Nor are campaigns any longer a time for the ascension of dynamic national leadership. Indeed, it has been said that neither Franklin Roosevelt, Abraham Lincoln, Thomas Jefferson, nor Teddy Roosevelt-three of them revered faces on Mount Rushmore-could ever make it to the White House today because they were too much orators for today's sound-bite campaigns. On the contrary, Winner Take All is producing McCampaigns of "crafted talk," contrived images, and "simulated responsiveness," repeated like mindless advertising jingles as a substitute for real debate. Lincoln and Douglas would be lost in the world of politics today, and politics is lost without the Lincolns, the Douglases, and the Roosevelts.

But it is important to recognize that this contour of the political landscape is not the result of politicians or the political parties being evil or base personalities, unwilling to rise above self-interest or partisanship. Rather, it flows from the Winner Take All, two-choice dynamic which provides peculiar incentives

and ultimately rewards those who wage the zero-sum game best. At a basic level, a battle is occurring between voters' belief in the legitimacy of our political system, on the one hand, and modern campaign methods of gaming and targeting, on the other. Will image permanently triumph over ideas? Will campaign technology trump face-to-face political engagement? Will cynicism permanently move into the house of American democracy, like termites gnawing away its foundation? Only time will tell, but the prognosis under Winner Take All is not encouraging.

James Madison
And a people who mean to be their own governors, must arm themselves with the power that knowledge brings.

Carol Miller of New Mexico who ran as a Green Party candidate for Congress in 1998

"The Democratic Party had sold out. I watched them sell out, throughout the' 90s. It turned my stomach.

Every election cycle, hundreds and sometimes thousands of independent candidates as well as third-party candidates from the Libertarian, Reform, Green, Working Families, and Natural Law parties run in races all across the country, fighting an uphill battle with a lack of resources. But what's even more damaging to their efforts is the lack of media coverage. In 2000, the Libertarian Party ran more than 1,430 candidates nationwide. They fielded candidates in 255 of the 435 House races, as well as twenty five of the thirty-three U.S. Senate seats up for election, the first time in eighty years that a third party has contested a majority of the seats in Congress.

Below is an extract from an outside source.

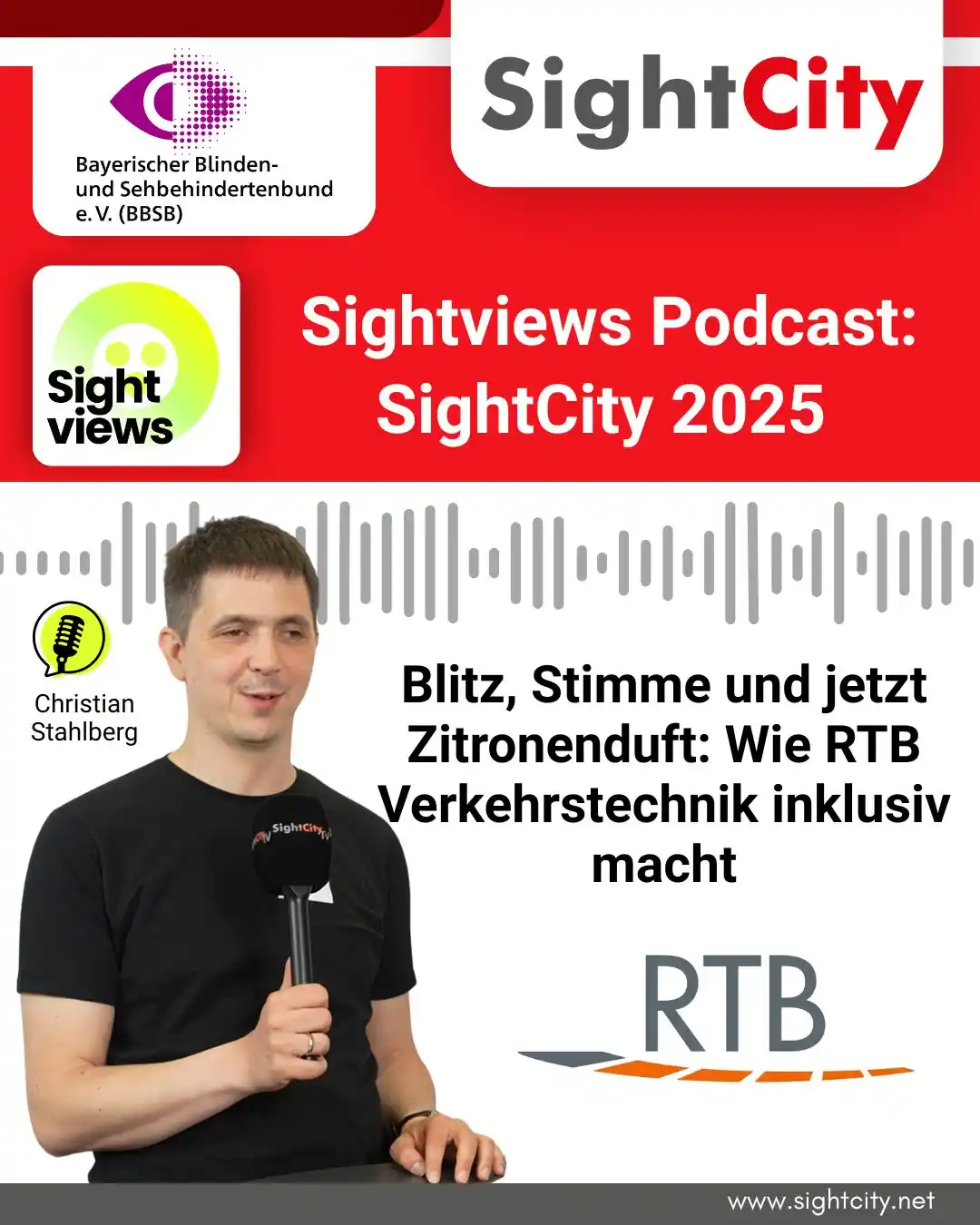 Image from SightCity : Blitz, Stimme und jetzt Zitronenduft: Wie RTB Verkehrstechnik inklusiv...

Yet an informal e-mail survey of their candidates revealed an appalling pattern of exclusionary treatment at the hands of the media, particularly television broadcasters and daily newspapers. Libertarian Party candidates were routinely excluded from media campaign coverage, televised debates, and editorial board interviews, with reasons that ran the gamut from "sorry, we don't cover third parties, it's just our standard policy" to a cavalier "maybe next time." For instance, in Colorado's sixth congressional district race the daily newspapers printed dozens of daily reports about the Democratic and Republican candidates, day after day, but could not find a single column inch for any third-party alternatives. In New Hampshire, the state's largest newspaper not only gave zero campaign coverage to the Libertarian Party's candidate for U.S. Senate, but also the editorial page editor kept postponing publication of an op-ed from the candidate (a tactic similar to that foisted on Carol Miller by the New Mexican editor). In Seattle, KING 5 TV and KIRO Radio 710, two of Washington state's largest media outlets, excluded from broadcasted debates the Libertarian Party's candidate for U. S. Senate, Jeff Jared, even though Jared arguably was the kingmaker in the race and his vote totals ultimately spoiled the tight race for the Republican incumbent, Sen. Slade Gorton.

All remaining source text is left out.